## Recorded data
*** Block opens ***
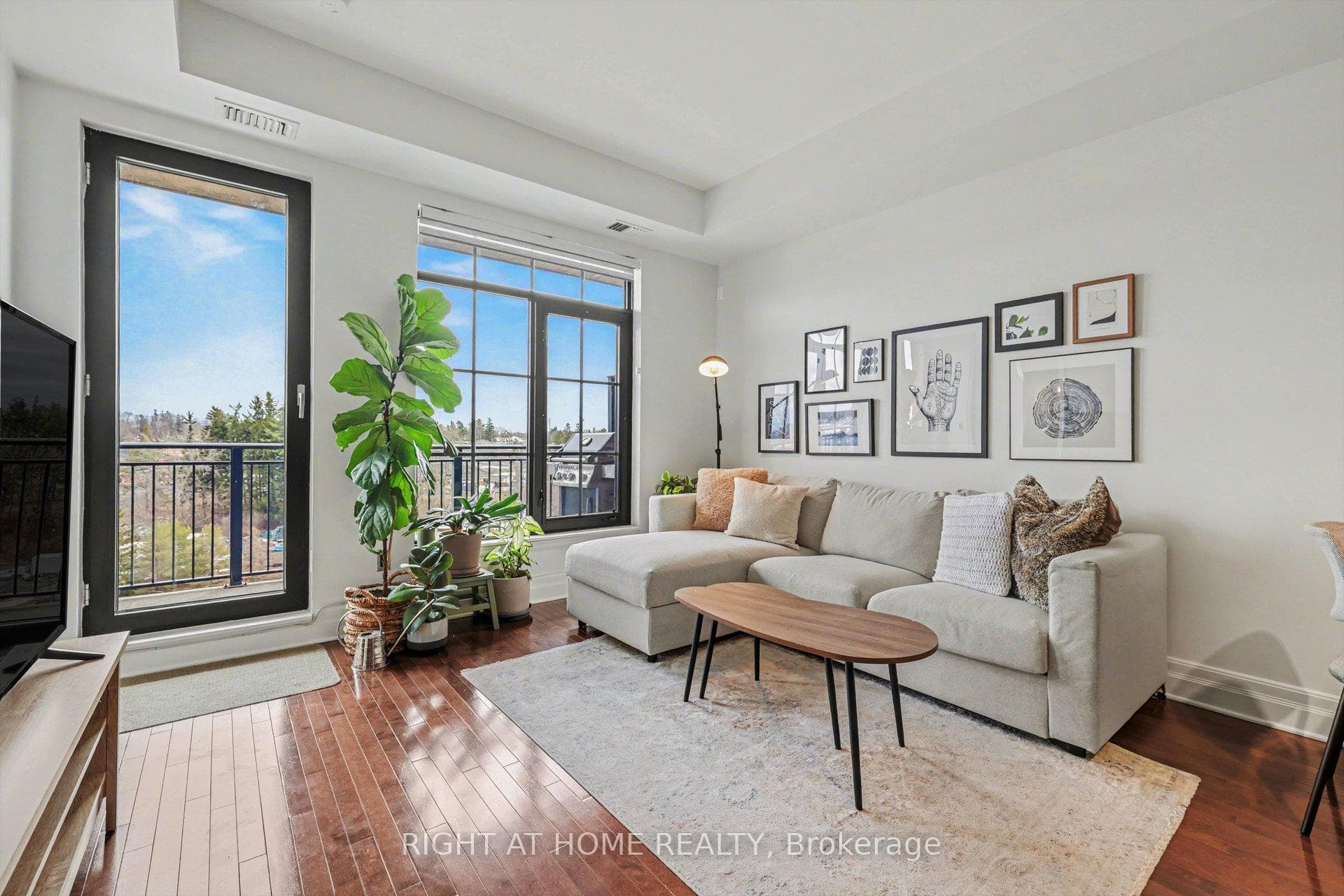 330 Loretta Avenue Unit 810 photo 3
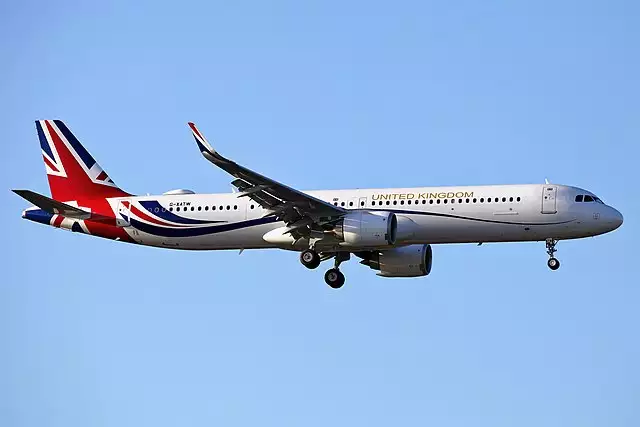 Flugzeugdrama abgewendet: Airbus A321neo LR verliert Fenster in der Luft und landet sicher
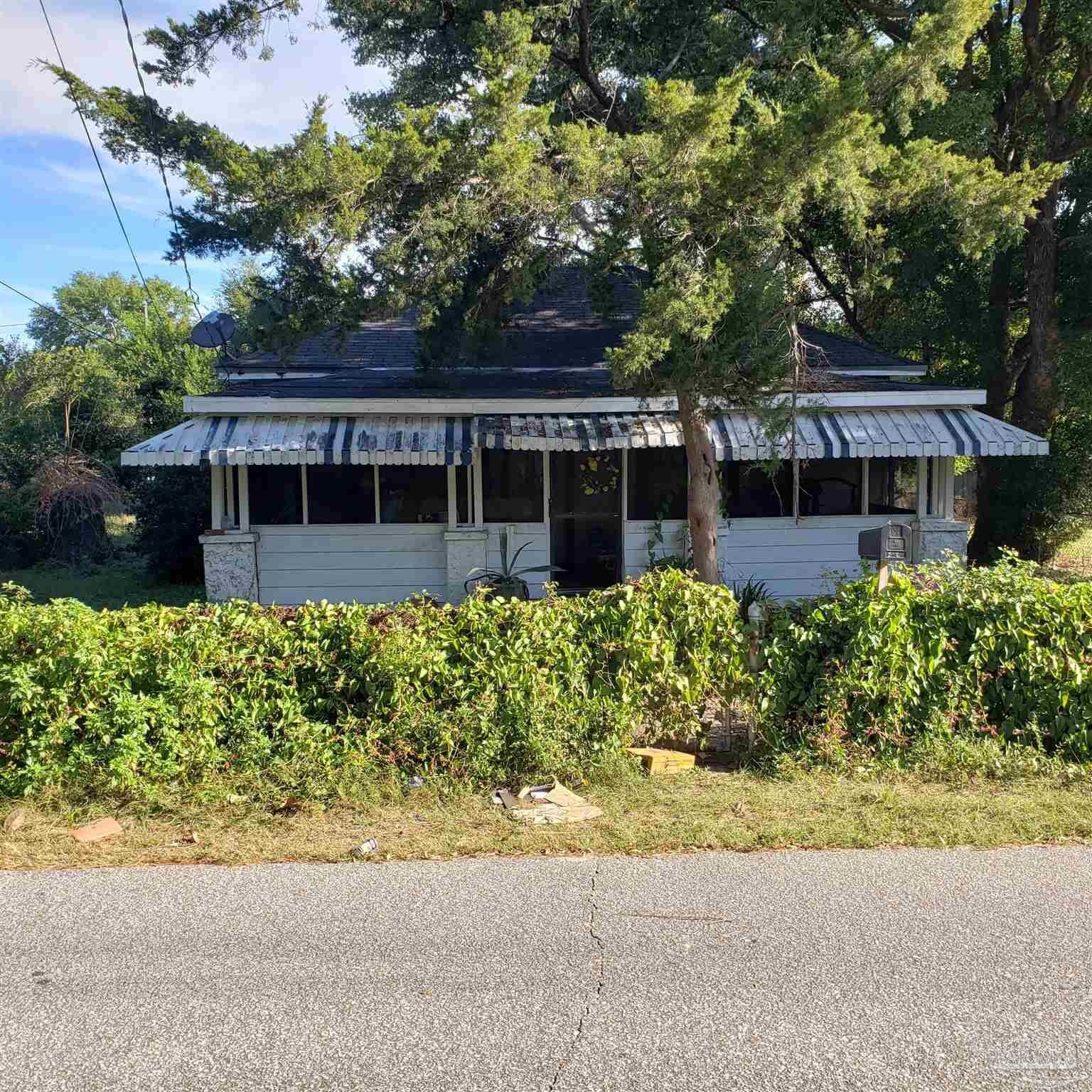 Property Photo:  232 Carys Ln  FL 32507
*** Block closes ***
Set down the complete material exactly, but do not include the images.

## Reply
 330 Loretta Avenue Unit 810 photo 3
 Flugzeugdrama abgewendet: Airbus A321neo LR verliert Fenster in der Luft und landet sicher
 Property Photo:  232 Carys Ln  FL 32507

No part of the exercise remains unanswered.